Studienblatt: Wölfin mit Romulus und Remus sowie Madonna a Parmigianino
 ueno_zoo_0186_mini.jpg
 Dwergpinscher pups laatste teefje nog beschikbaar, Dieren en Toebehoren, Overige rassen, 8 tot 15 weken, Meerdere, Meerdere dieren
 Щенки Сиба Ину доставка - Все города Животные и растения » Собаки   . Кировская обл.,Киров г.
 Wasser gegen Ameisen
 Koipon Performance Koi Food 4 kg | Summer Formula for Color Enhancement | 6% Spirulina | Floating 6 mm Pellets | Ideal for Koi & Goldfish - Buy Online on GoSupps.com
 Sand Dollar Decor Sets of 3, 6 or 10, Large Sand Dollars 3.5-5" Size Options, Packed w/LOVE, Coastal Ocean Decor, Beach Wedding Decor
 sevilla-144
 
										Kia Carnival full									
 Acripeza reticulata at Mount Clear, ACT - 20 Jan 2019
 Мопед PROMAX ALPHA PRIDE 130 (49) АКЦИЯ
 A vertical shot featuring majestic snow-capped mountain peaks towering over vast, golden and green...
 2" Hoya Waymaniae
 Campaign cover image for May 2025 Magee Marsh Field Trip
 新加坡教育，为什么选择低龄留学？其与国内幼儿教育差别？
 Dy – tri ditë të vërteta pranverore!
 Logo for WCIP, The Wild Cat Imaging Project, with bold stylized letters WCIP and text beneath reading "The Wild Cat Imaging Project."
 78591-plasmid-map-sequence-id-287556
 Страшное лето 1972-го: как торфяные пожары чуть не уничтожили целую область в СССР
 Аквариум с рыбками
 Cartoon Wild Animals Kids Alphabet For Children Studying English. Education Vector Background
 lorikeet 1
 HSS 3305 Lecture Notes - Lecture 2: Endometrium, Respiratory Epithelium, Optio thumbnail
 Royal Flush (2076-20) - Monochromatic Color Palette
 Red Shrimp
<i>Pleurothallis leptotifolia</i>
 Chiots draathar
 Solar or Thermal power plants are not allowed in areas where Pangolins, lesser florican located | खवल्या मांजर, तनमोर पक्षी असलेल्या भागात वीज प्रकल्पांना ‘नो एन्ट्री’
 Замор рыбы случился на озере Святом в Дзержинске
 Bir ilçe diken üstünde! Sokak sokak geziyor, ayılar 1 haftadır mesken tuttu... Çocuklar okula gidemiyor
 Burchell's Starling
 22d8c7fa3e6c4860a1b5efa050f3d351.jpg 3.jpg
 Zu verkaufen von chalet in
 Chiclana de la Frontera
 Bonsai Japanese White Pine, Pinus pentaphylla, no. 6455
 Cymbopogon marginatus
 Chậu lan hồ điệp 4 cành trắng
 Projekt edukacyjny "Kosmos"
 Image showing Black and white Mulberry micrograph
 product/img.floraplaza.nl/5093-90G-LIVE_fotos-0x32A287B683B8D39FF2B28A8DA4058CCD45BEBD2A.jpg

PROBLEM TO WORK ON:
Within these records, how many lines include the word "Wild"? The reply should be that number alone.

SOLUTION TO THIS TASK:
2